In the end, Petersan took home the $10,000 grand prize, but when two vegan bakers are featured on such a popular national food show, is there really a loser?
We don’t think so!
Vegnews had the opportunity to chat with both owners to learn what it’s like behind the scenes with all the lights, cameras, hot ovens and muffin tins.
Winner Petersan said of the experience:
I think we are getting there and definitely making our mark. It’s not a coincidence that two vegan bakers have won the show. In another episode this season, a non-vegan team included a vegan cupcake in their spread! Even professional bakers are realizing that vegan baking methods can hold their own in the mainstream baking world, which has, up until now, been ruled by eggs and butter. Those aren’t the only two ingredients you can use in baking that taste great, or that give you the results you desire.
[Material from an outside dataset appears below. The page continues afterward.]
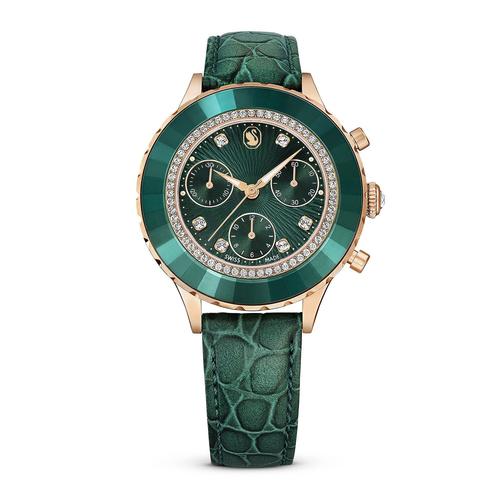 Montre Femme Swarovski Octea Chrono Cuir Vert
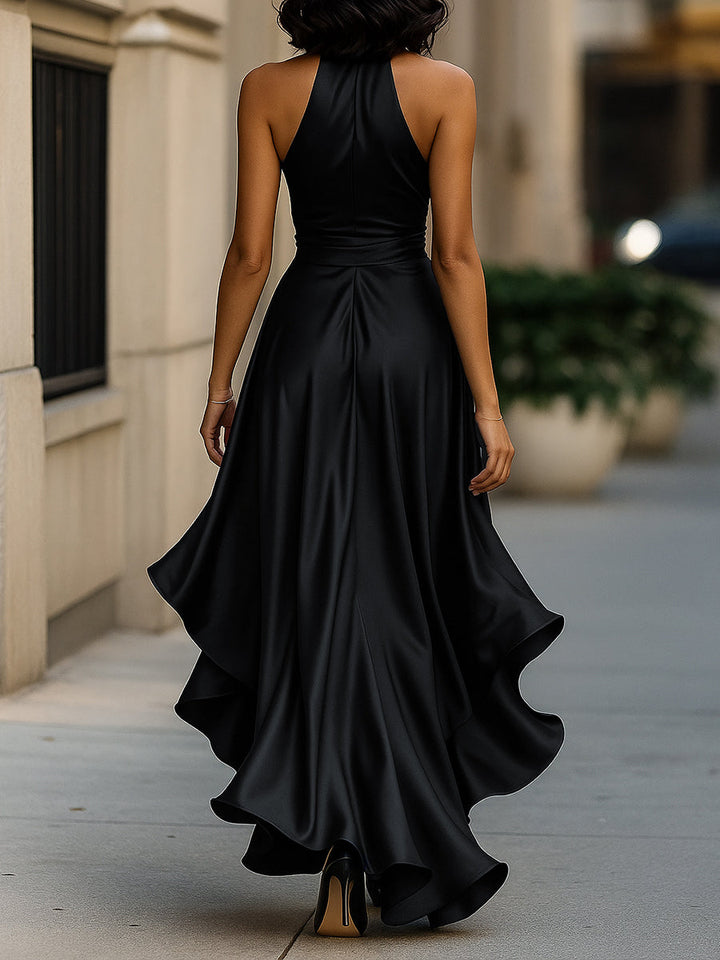 Elena — Rochie satinată elegantă cu halter și volane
It’s now two seasons in a row where dairy and eggs took a back seat to healthier and tastier alternatives.
The chefs wowed the judges with cupcakes like the chocolate seltzer cake topped with ganache, banana crème frosting and caramelized bananas and the vanilla filled cake with kiwi-curd, topped with strawberry frosting and garnished with a strawberry filled with a shot of rum.
More at VegNews.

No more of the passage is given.